Here, {% extends "layout.html" %} tells our templating engine to use layout.html as a base template, and {% block body %} ... {% endblock %} defines the code to place inside layout.html's body block.

Our render_function macro will be used to show our different form fields – some of these will be text input fields, while others will be file upload fields. Our form also has a hidden field specified by {{ form.csrf_token }}. This is a security feature WTForms provides to prevent cross-site request forgery vulnerabilities.
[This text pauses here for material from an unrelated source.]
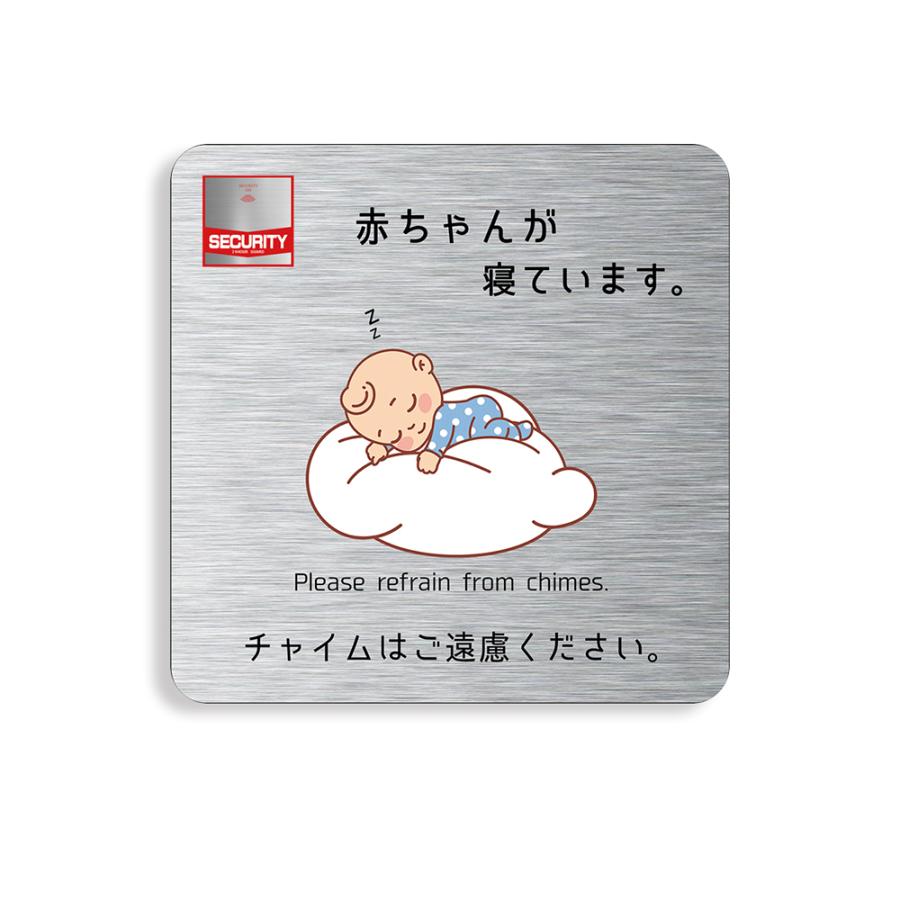 【DESIGNZ】 ワーカー強磁マグネットシート「赤ちゃんが寝ています」 (屋外内用：耐水/耐候) セュリティデザイン 日本製 |  | 02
Let's define our home page now, with a list of content items. Add the following code to templates/index.html:

{% extends "layout.html" %}
{% block body %}
    <h1>Marketplace</h1>
    <ul>
    {% for id, content in content.items() %}
        <li>
            <a href="/content/{{ id }}">{{ content.name }}</a>
            {% if content.paywalled %}
                {% if id in my_library %}
                    (PURCHASED)
                {% else %}
                    ({{ "${:,.2f}".format(content.price) }})
                {% endif %}
            {% endif %}
        </li>
    {% endfor %}
    {% if admin %}
        <li><a href="/admin/content-create">NEW CONTENT...</a></li>
    {% endif %}
    </ul>

    {% if admin %}
        <h1>Admin functions</h1>
        <ul>
            <li><a href="/admin/db-flush">Flush database</a></li>
        </ul>
    {% endif %}
{% endblock %}

We display each piece of content in a list. If an item is paywalled, we show its price if the current user hasn't already purchased it, or "(PURCHASED)" if they have.

In addition, we use {% if admin %} blocks to include links to admin functionality, such as content creation and database flushing, that will only display when an admin is logged in.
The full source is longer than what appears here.